BRIEF: The answer is the data repeated in full, with no pictures included.

RECORDED INFORMATION:
-----
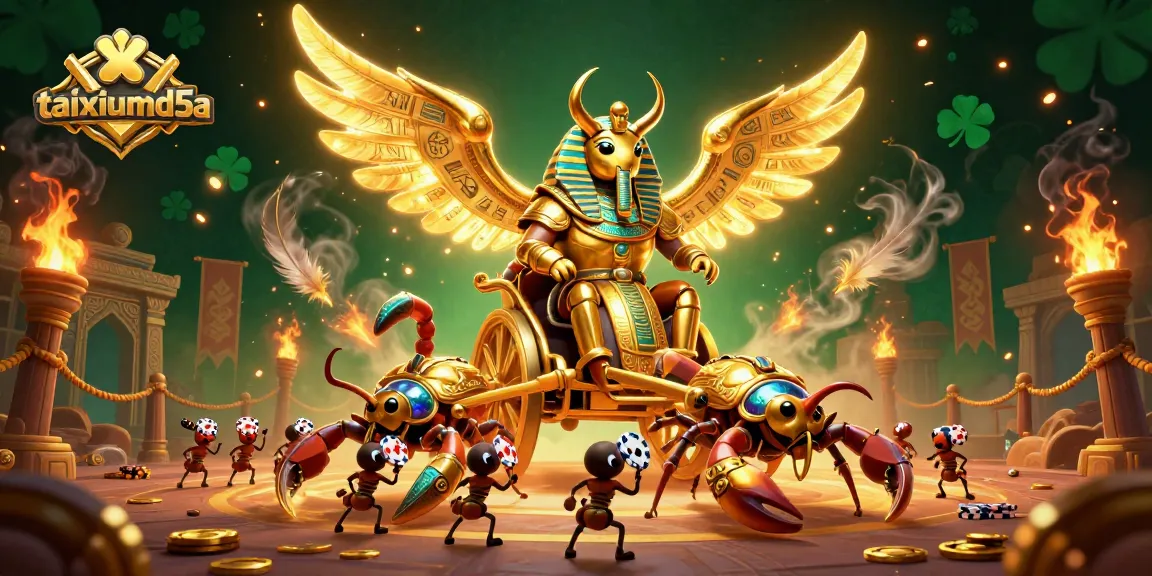 Experience thrilling gameplay at taixiumd5a with dynamic gaming elements and engaging visuals.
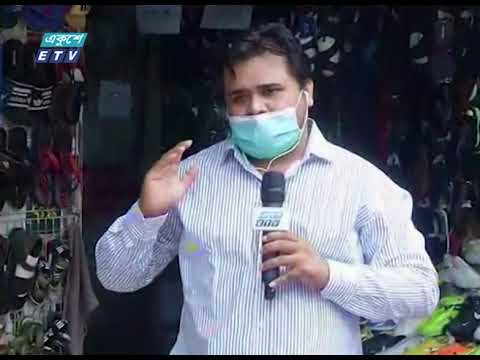 রাজধানীর সর্বশেষ করোনা পরিস্থিতি সরাসরি জানাচ্ছেন রাসেল খান | ETV News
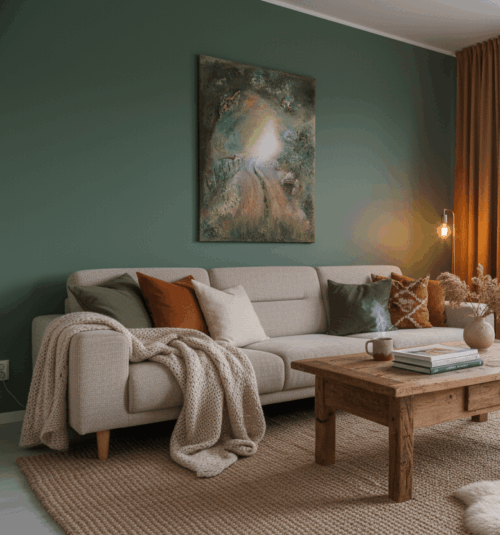 Generated Image September 15, 2025 - 10_40AM (1) "The future is bright" 113*85 cm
-----
TASK ANSWER:
 Experience thrilling gameplay at taixiumd5a with dynamic gaming elements and engaging visuals.
 রাজধানীর সর্বশেষ করোনা পরিস্থিতি সরাসরি জানাচ্ছেন রাসেল খান | ETV News
 Generated Image September 15, 2025 - 10_40AM (1) "The future is bright" 113*85 cm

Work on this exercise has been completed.